Reading Time: 3 minutes

WHAT IS RCP IN DATASTAGE?

InfoSphere DataStage is also flexible about meta data. It can handle the situation in case meta data is not fully defined.

When we send the data from source to the target, sometimes we need to send only required columns. You can define part of your schema and specify that, if your job encounters additional columns that are not defined in the meta data when it actually runs, it will adopt these extra columns and propagate them through the rest of the job.  Which is called as Runtime Column Propagation (RCP).

RCP can be enabled for a project via the Administrator client, and set for individual links via the Output Page Columns tab for most stages, or in the Output page General tab for Transformer stages.

RCP Enable/Disable done at:

Project level:  in Administrator project properties 

Job level: Job properties General tab

Stage/s:  Link Output Column tab

If run time column propagation is enabled in the DataStage Administrator, you can select the Run time column propagation to specify that columns encountered by a stage in a parallel job can be used even if they are not explicitly defined in the meta data. You should always ensure that run time column propagation is turned on if you want to use schema files to define column meta data.

Run time column propagation is used in case of partial schema usage. When we only know about the columns to be processed and we want all other columns to be propagated to target as they are.

USING RCP WITH SEQUENTIAL STAGES

Runtime column propagation (RCP) allows DataStage to be flexible about the columns you define in a job.

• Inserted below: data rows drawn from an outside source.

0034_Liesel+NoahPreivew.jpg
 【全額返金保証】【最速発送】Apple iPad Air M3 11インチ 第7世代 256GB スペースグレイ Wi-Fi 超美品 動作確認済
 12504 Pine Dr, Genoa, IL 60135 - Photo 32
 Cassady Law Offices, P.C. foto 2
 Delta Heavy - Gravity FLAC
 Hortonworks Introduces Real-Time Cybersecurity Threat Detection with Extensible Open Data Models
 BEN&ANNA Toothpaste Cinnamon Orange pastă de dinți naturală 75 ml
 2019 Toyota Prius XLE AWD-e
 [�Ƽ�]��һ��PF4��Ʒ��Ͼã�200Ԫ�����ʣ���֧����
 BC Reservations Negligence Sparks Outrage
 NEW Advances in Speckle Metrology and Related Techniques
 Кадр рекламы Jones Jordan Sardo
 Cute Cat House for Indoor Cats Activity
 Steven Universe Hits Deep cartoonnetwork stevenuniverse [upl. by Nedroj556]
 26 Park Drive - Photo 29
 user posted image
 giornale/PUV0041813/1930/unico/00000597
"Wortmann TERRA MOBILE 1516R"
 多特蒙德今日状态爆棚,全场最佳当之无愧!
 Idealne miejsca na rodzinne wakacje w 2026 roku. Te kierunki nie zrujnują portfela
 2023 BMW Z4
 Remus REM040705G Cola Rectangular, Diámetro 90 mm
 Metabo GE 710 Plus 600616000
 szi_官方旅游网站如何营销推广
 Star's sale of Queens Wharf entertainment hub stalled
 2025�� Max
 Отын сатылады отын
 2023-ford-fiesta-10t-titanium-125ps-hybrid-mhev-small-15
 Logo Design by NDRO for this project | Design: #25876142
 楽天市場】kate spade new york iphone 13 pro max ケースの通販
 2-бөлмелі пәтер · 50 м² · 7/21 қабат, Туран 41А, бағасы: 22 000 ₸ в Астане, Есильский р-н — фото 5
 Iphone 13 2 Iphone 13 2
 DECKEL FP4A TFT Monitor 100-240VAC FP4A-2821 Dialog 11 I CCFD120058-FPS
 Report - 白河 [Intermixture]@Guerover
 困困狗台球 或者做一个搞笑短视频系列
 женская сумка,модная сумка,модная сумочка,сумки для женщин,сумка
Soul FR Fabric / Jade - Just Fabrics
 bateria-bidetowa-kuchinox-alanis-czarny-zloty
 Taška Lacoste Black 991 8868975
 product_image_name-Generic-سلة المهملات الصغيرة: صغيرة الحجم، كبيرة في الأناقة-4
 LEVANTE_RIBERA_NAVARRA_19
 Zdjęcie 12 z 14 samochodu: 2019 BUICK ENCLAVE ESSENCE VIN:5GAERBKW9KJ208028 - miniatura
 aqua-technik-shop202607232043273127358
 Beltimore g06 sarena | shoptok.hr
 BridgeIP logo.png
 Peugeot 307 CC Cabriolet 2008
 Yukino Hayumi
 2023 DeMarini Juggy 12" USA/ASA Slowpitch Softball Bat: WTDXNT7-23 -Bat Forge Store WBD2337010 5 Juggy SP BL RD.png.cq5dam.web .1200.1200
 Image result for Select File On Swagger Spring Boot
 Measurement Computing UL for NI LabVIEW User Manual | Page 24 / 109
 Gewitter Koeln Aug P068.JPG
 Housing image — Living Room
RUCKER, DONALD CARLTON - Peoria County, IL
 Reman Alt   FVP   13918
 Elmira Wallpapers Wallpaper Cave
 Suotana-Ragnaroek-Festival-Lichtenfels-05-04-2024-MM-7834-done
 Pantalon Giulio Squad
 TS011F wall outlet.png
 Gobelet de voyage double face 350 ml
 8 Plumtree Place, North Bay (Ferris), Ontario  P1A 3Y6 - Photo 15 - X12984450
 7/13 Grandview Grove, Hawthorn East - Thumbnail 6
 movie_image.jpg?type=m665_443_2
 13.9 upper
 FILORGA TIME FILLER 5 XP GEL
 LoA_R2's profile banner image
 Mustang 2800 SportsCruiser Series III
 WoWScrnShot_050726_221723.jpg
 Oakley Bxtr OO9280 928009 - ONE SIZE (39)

If RCP is enabled for a project, you can just define the columns you are interested in using in a job, but ask DataStage to propagate the other columns through the various stages.

So such columns can be extracted from the data source and end up on your data target without explicitly being operated on in between.

Sequential files, unlike most other data sources, do not have inherent column definitions, and so DataStage cannot always tell where there are extra columns that need propagating.

You can only use RCP on sequential files if you have used the Schema File property to specify a schema which describes all the columns in the sequential file.

You need to specify the same schema file for any similar stages in the job where you want to propagate columns. Stages that will require a schema file are:

Sequential File

File Set

External Source

External Target

Column Import

Column Export